N’attachant aucune importance à la reconnaissance de son milieu, Christophe de Margerie veut en revanche obtenir celle du public. Passionnément amoureux de Total, l’aristo devenu la coqueluche du CAC 40 veut convaincre les Français d’aimer leur champion tricolore. Une gageure. Car le pétrolier incarne les profits colossaux dans un contexte économique de crise (augmentation des dividendes versus fermeture de la raffinerie de Dunkerque) mais aussi la collaboration avec des régimes peu recommandables. Irak, Iran, Russie, Libye, Qatar, Arabie saoudite, Nigeria, Birmanie… la liste est longue. Comment rester crédible sans paraître cynique quand on fait du business avec tous les dictateurs de la planète ?
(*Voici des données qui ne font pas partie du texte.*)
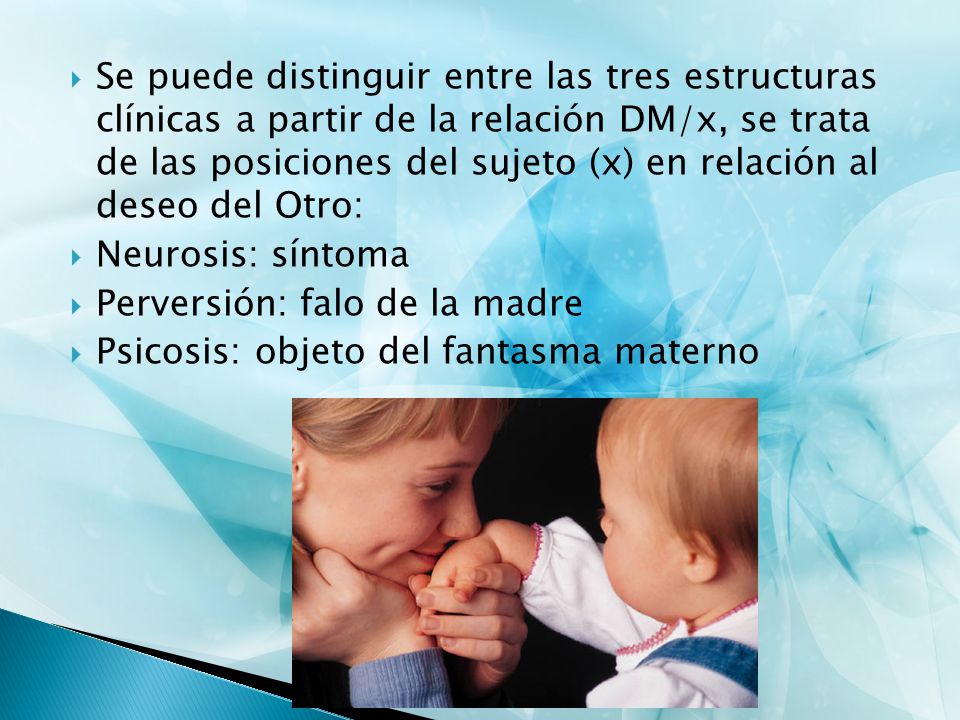 Se puede distinguir entre las tres estructuras clínicas a partir de la relación DM/x, se trata de las posiciones del sujeto (x) en relación al deseo del Otro:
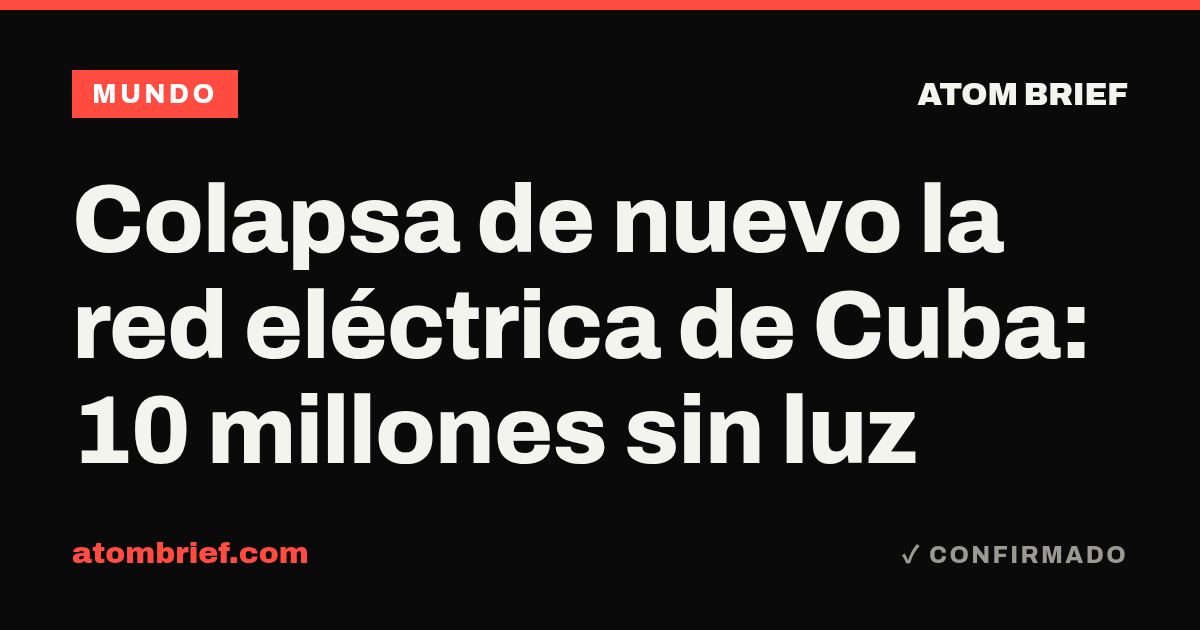 Colapsa de nuevo la red eléctrica de Cuba: 10 millones sin luz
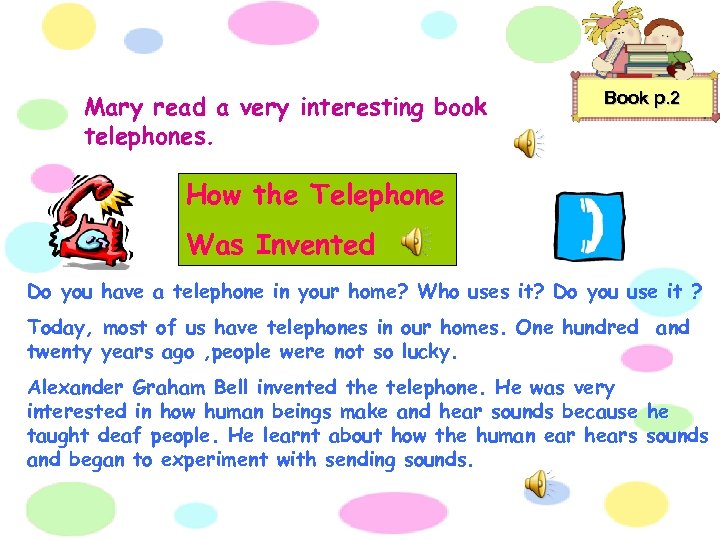 Mary read a very interesting book telephones. Book p. 2 How the Telephone Was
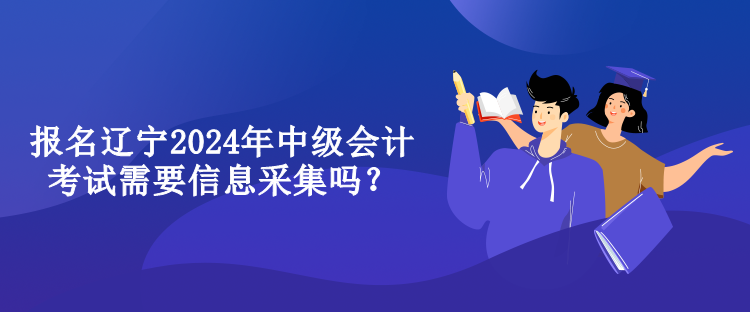 報(bào)名遼寧2024年中級會(huì)計(jì)考試需要信息采集嗎？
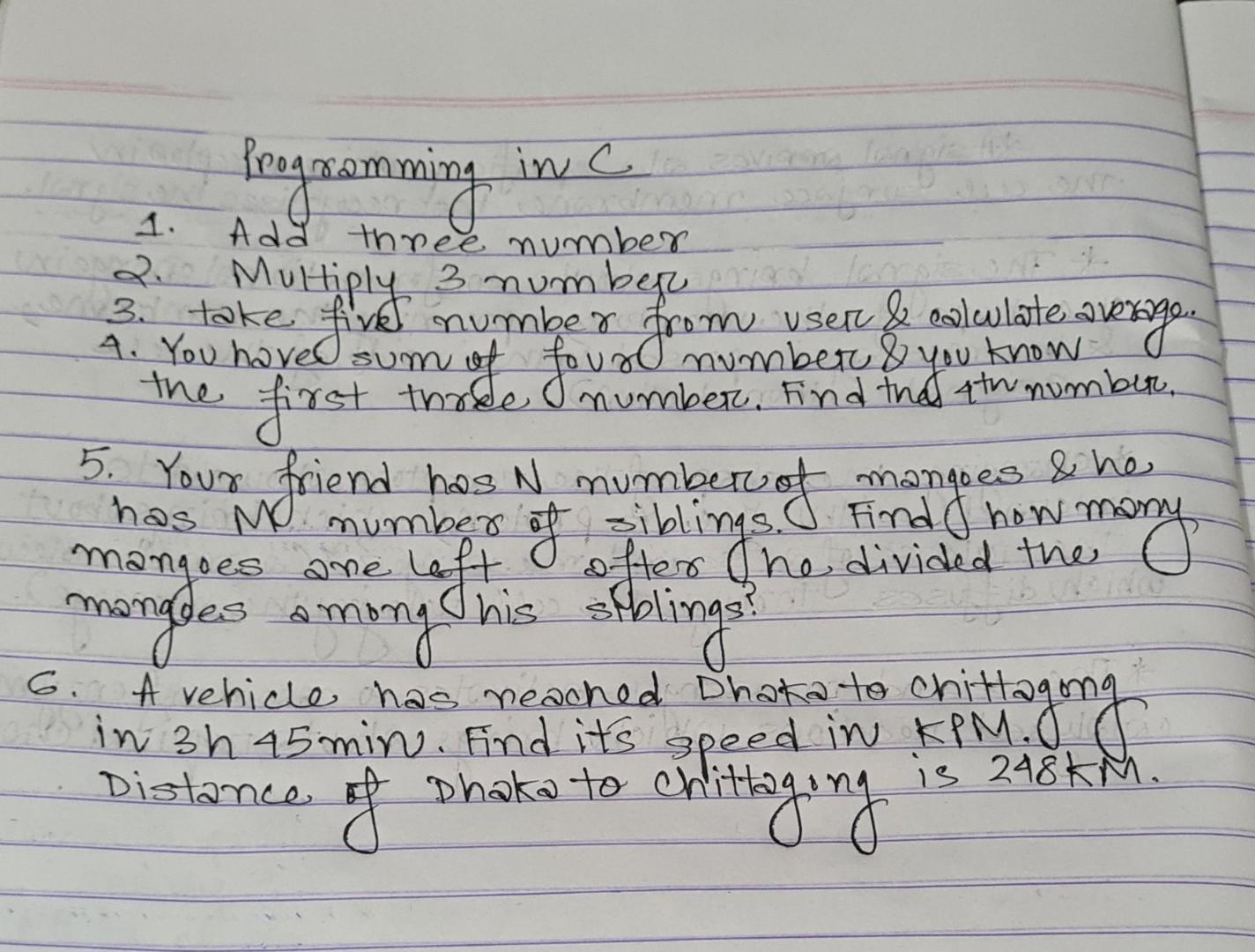  These are questions for C programming. Add three number the Roognamming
Entendre le patron du fleuron national de l’énergie disserter sur la situation de l’Ukraine est un exercice cérébral épuisant. Derrière une logorrhée humaniste, faite de volonté de comprendre l’histoire des peuples et de « ne pas regarder avec les yeux des Occidentaux », Christophe de Margerie en arrive à justifier l’annexion de la Crimée par la Russie.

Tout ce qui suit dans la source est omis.